So let's try to fill in those gaps. In this context, an abstract machine is essentially a different programming language. We've seen how to add tracing, short-circuiting, concurrency, and mutation to a purely functional subset of Java. There are many other possibilities; as a simple example, the List monad allows one to add non-determinism.

If you don't have monads, and you want a language with different semantics, you have a few options:

• Your language has macros. You can define a new embedded language with the semantics you want using macros. Macro programming is usually a bit of a leaky abstraction, so the implementation can get quite messy, but it's usually still possible to get a nice integration with the host language for users of that embedded abstract machine. A great example here is how the go macro from core.async adds concurrency to the Clojure language.
• Your language has a useable syntax for literal, nestable data structures (e.g. list, array, vector, etc.); you can define your new language in terms of those data structure. This lets you write your interpreter directly in the host language, while also letting you use the host language to generate pieces of your new language. You gain on not needing to parse (or learn) a new syntax, but writing code in your new language feels dinstinctly different.
• Your language has dynamic late binding, enabling metaprogramming. A good example of this is the Rails framework for Ruby.
• In some cases, especially if you have none of the above, your best bet is to implement a new programming language.

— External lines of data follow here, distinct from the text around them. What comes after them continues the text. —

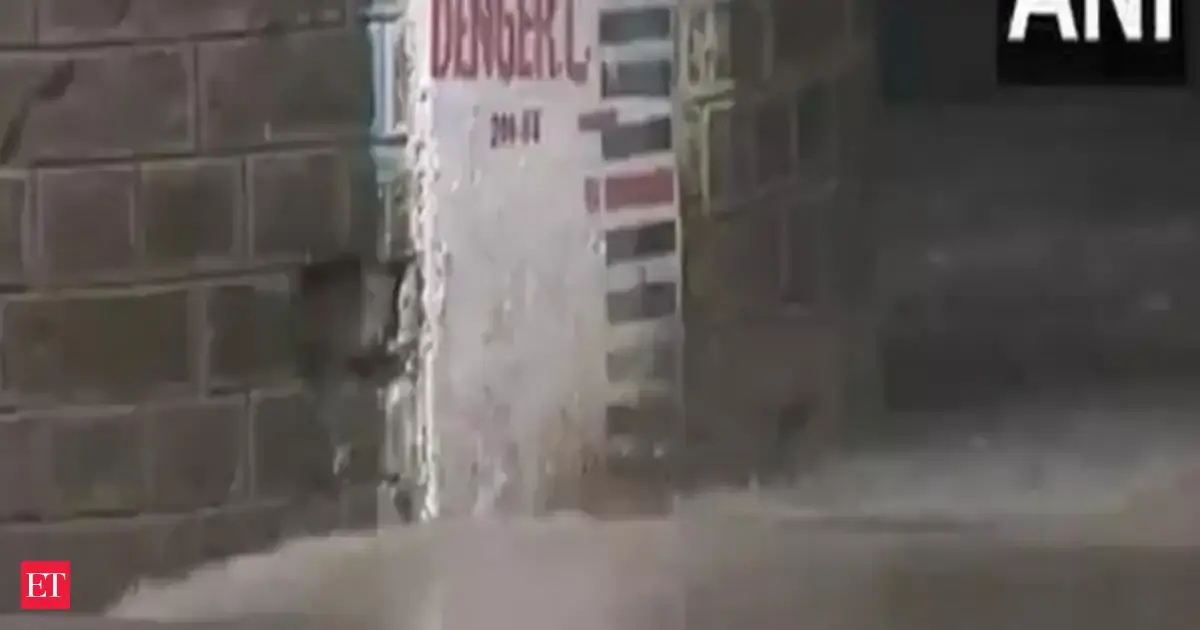 Yamuna river continues to flow near danger mark in Delhi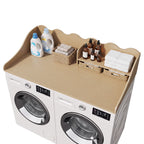 2-Tier Washer Dryer Countertop with Shelf, Wave Edge Laundry Topper for Laundry Room Organization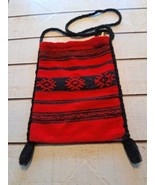 Vintage 70s Artisan Hand Made Knit Hand/Tote Crossbody Bag Made in Greec... - £9.84 GBP
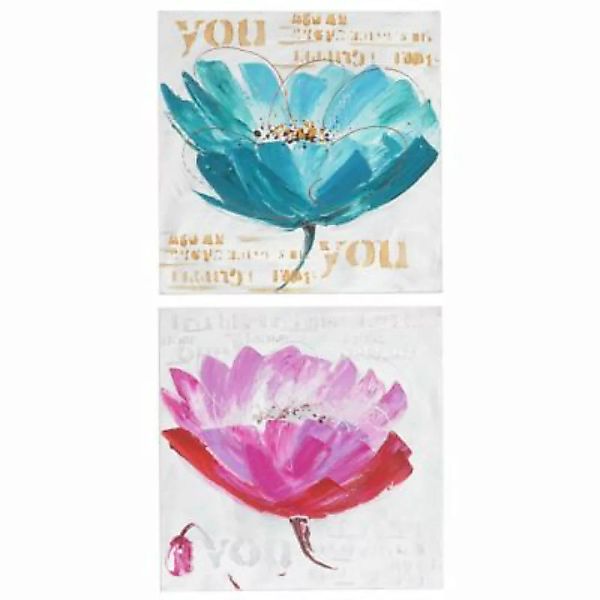 HWC Mendler Ölgemälde Orchidee XL, handgemalt 100x50cm mehrfarbig günstig online kaufen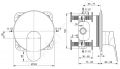 Ideal Standard Ceralife O Sprchov batria pod omietku, chrm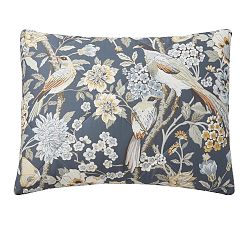 Open Box: Bloom Sateen Comforter Sham, Standard, Set of 2 - Blue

Comparatively, monads are an absurdly cheap way to define a new mini-language, which means you can use that technique much more freely and, once you master monads, you will start seeing way more opportunities to use it.

How cheap? Well, let's look back at that State class above. In those 90 lines of code, we define a mini-language to invent ambient mutable state, and then we build a second mini language on top of that that simulates a stack machine. That's two languages in less than an hundred lines (of Java, which isn't the most terse language around).

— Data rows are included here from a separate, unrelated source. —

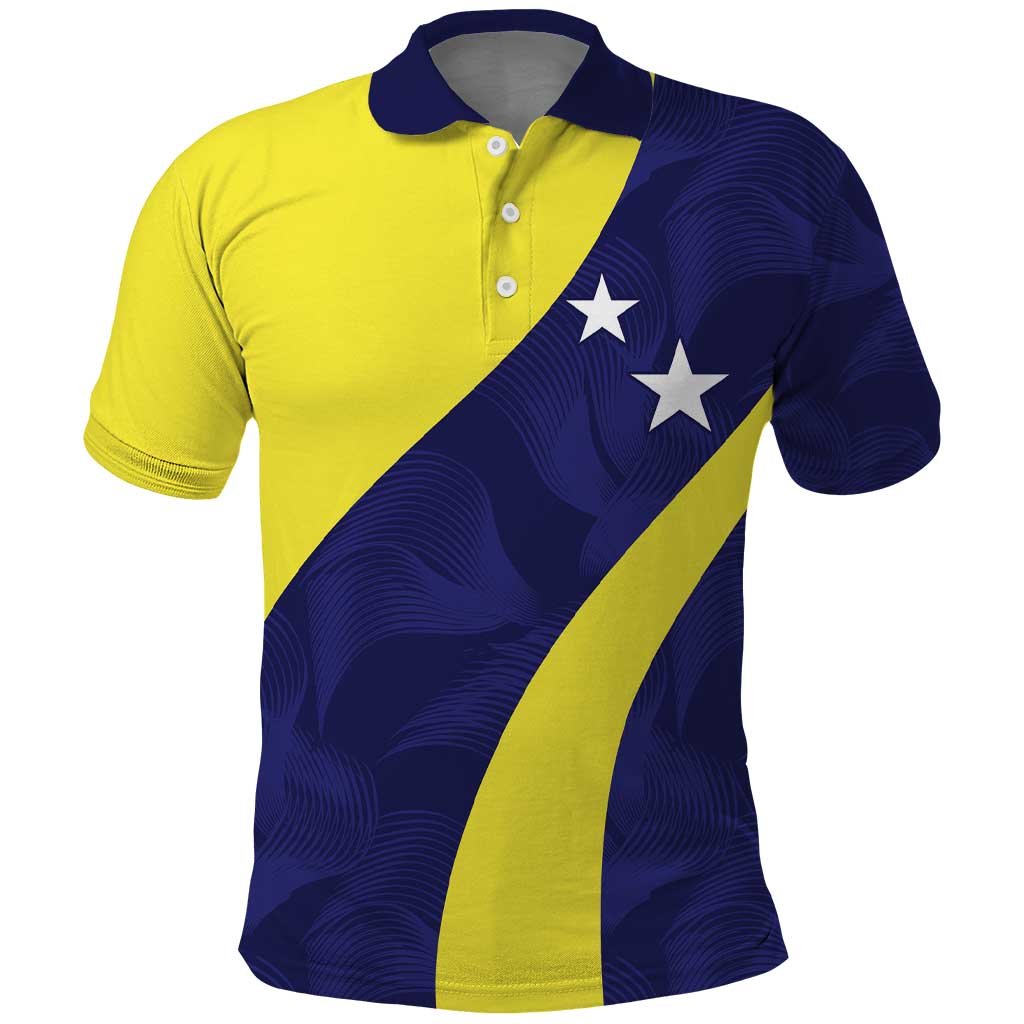 Felis dia di Bandera Curacao Personalized Polo Shirt Curacao Flag Style - Wonder Print Shop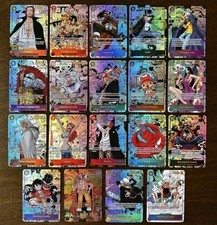 One Piece tcg Card Game 100 Cards Collection Mixed Lot w/ 10 FOILS Included picture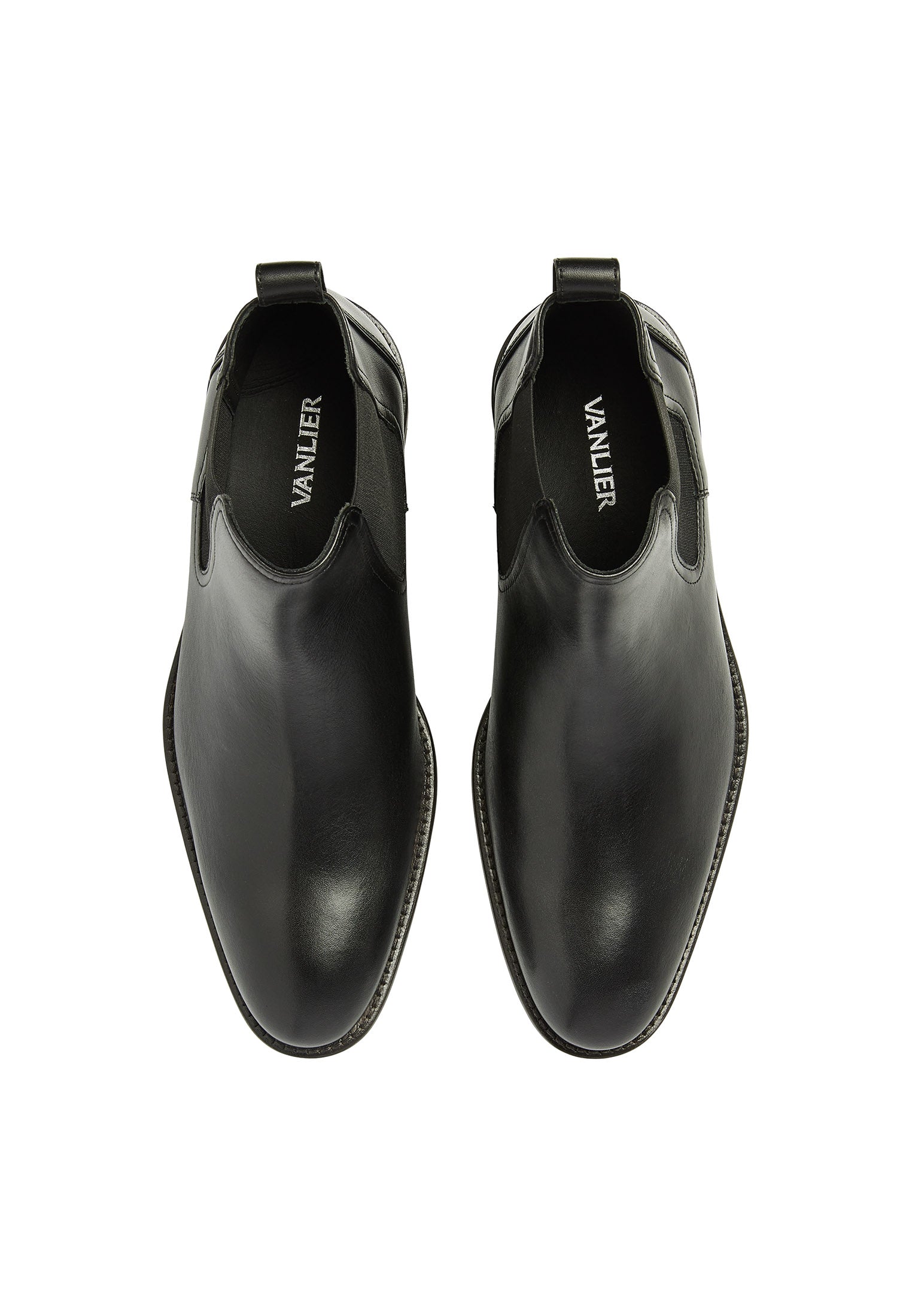 Schwarzer Glattleder Montana Chelsea Boot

So when should you use monads? When you want different programming language semantics, but not enough that you'd be willing to implement a new language.

To a large extent, how much monads seem useful to you will depend on which language you use, and how much you value purity. If your language has freely-available side-effects everywhere and you're not bothered by that, you probably don't see much of a point in using monads to add ambient "mutable" state, tracing, of short-circuiting, as all of those can be achieved easily (in the small) with (real) mutable state. You may also already have a good enough concurrency model in your language.

If you're not already convinced that functional programming is at least interesting, and you're not striving to write most of your code using immutable values, it is likely you will not find much value in using monads.

How do I start?

When trying to learn functional programming, a good place to start is to look for opportunities to use map, filter and reduce. "Real" purely functional code is not made up only of those, but if you're currently doing mostly imperative code, looking for ways to use these three will flex the right muscles and get you on the path towards learning more functional techniques.

In the same way, if you want to start looking at the world through the monadic lens, you can try to spot places where you can use the State monad. An easy place to start is recursive functions (or groups of functions) that thread some amount of state through, but where most functions don't actually use it and only pass it on to the rest of the call stack.

The most obvious case would be if you have a handful of functions that are already defined as returning pairs of (state, value) instead of just their return value.

What does it cost?

Let's assume the preceding blogs and sections so far have you convinced that monads are interesting and you want to start using them. Should you add them to your current project?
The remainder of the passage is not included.